Dr. Julius Makau Malombe, EGH is a Kenyan politician and the first and current elected Governor of Kitui County. He is elected on a Wiper Democratic Movement-Kenya (WDM-K) which he won the 2013 elections garnering 163,904 votes. He defended his seat on Wiper ticket in the 2017 general election but lost to Charity Ngilu coming third behind former senator David Musila however he recaptured the seat and won after the 9 August 2022 gubernatorial elections with 198,004 votes defeating former senator David Musila who had 114,606 votes and Jonathan with 10,639 votes. As the pioneer governor of Kitui he is credited with much of the development gains made in the region. On 12 December 2022 Dr. Malombe was awarded the Elder of The Golden Heart by President William Ruto.

== Education ==
Dr. Malombe began his studies at Matinyani Primary School before moving on to Matinyani Secondary School to complete his O' Levels. He went on to enroll at the University of Nairobi to study a bachelor's in economics. He completed his masters and PhD from Birmingham University, UK.

== Political history ==
Hon.Dr.Malombe joined politics in 2012 upon being nominated as the Kitui gubernatorial candidate by the Wiper Democratic Movement Kenya (WDM-K). He successfully campaigned and was duly elected as the first governor of Kitui County after the 4 March Elections by garnering 163,904 votes defeating Julius Kiema Kilonzo of NARC who had 85,723 votes and Philip Nzamba Kitonga of National Labour Party with 24,574 votes.

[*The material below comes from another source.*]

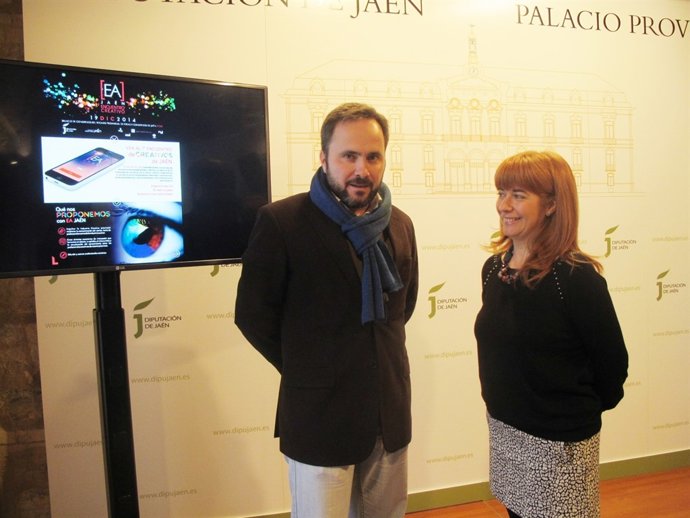 Galán y Olivares, en la presentación de Entre Artes Jaén.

He was unsuccessfully in defending his seat in the 2017 elections losing to Charity Ngilu.

In 2019 Dr.Malombe was appointed by President Uhuru Kenyatta as the Chairperson of Kenya Water Towers Agency for a period of 3 years in a gazette notice 3 May 2019.

Hon Dr. Malombe was given a direct nomination by Wiper Democratic Movement Kenya(WDM-K) which was contested in court by Julius Kiema Kilonzo. The court ruled for nominations to be held by Wiper party which Dr. Malombe won and thereafter contested the gubernatorial elections and was duly elected as the 3rd Governor of Kitui after garnering 198,004 votes.

== Awards ==
On 12 December 2022, Dr. Malombe was awarded the Elder of The Golden Heart by President William Ruto.